=== Task statement ===
The answer should be every line below, retyped exactly.

=== The data ===
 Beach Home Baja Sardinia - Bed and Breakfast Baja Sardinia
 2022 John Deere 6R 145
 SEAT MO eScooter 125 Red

=== Response ===
 Beach Home Baja Sardinia - Bed and Breakfast Baja Sardinia
 2022 John Deere 6R 145
 SEAT MO eScooter 125 Red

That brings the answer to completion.